Dynamic interpretation – Ground 7
Mr Stallworthy said that the rules should be given a dynamic or mobile interpretation (see Lewison at §5.15). He relied in support of this principle on the fact that a pension scheme is:
“designed to operate in the long term, defining people’s rights long after the economic and other circumstances, which existed at the time when it was signed, may have ceased”
(Barnardo’s at [14] per Lord Hodge JSC).
I have no problem with the principle, and I accept that if Limb 2 were to be given primacy, the effect would be to cross-refer to Revaluation Orders as they are from time to time. But again I do not see that it assists on the prior question of which Limb is to be given primacy. One is after all not here talking about a provision which concerns future accrual.
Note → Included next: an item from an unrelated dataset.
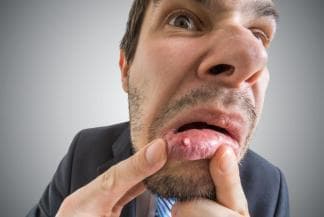 牙龈肿胀一查竟是血癌！教你三招自测！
All the benefits to which Rule 1.11 applies are past service benefits – indeed all were accrued before 2008. It is not self-evident that the principle that a pension scheme should be interpreted in such a way as to enable it to be adapted to meet new circumstances has any particular resonance when considering the rights of members who earned their benefits by providing service many years ago.
Inconsistent provisions
Finally, Mr Stallworthy, at my request, put before me statements from the textbooks as to the principles by which inconsistent provisions are to be reconciled.
Chitty on Contracts (33rd edn, suppl) at §13-070 states as follows:
“Where the different parts of an instrument are inconsistent, effect must be given to that part which is calculated to carry into effect the purpose of the contract as gathered from the instrument as a whole and the available background, and that part which would defeat it must be rejected. The old rule was, in such a case, that the earlier clause was to be received and the later rejected; but this rule was a mere rule of thumb, totally unscientific, and out of keeping with the modern construction of documents.”
Lewison at §9-08 also refers to the old rule that the earlier of two inconsistent provisions takes precedence, the later provision being rejected as repugnant, but, in contrast to Chitty, suggests that it is still applicable, although only as a last resort, citing Joyce v Barker Bros (Builders) Ltd (1980) 40 P&CR 512 (Vinelott J) and Peabody Trust Governors v Reeve [2008] EWHC 1432 (Ch) (Mr Gabriel Moss QC).
I am very grateful to Mr Stallworthy for bringing these passages to my attention. Fortunately I do not need in the present case to reconcile the divergent views they give, as for the reasons I have sought to express I consider that Limb 1 of Rule 1.11 is to be given primacy in any event. None of the arguments that Mr Stallworthy has so carefully put before me persuades me to depart from what I consider to be the natural and ordinary effect of the language of the Rule which is that the rate specified by Rule 1.11(b) is that set out in Limb 1, namely RPI capped at 5%.
Conclusion
In my judgment the Ombudsman came to the right conclusion on the question of construction and I will dismiss the appeal.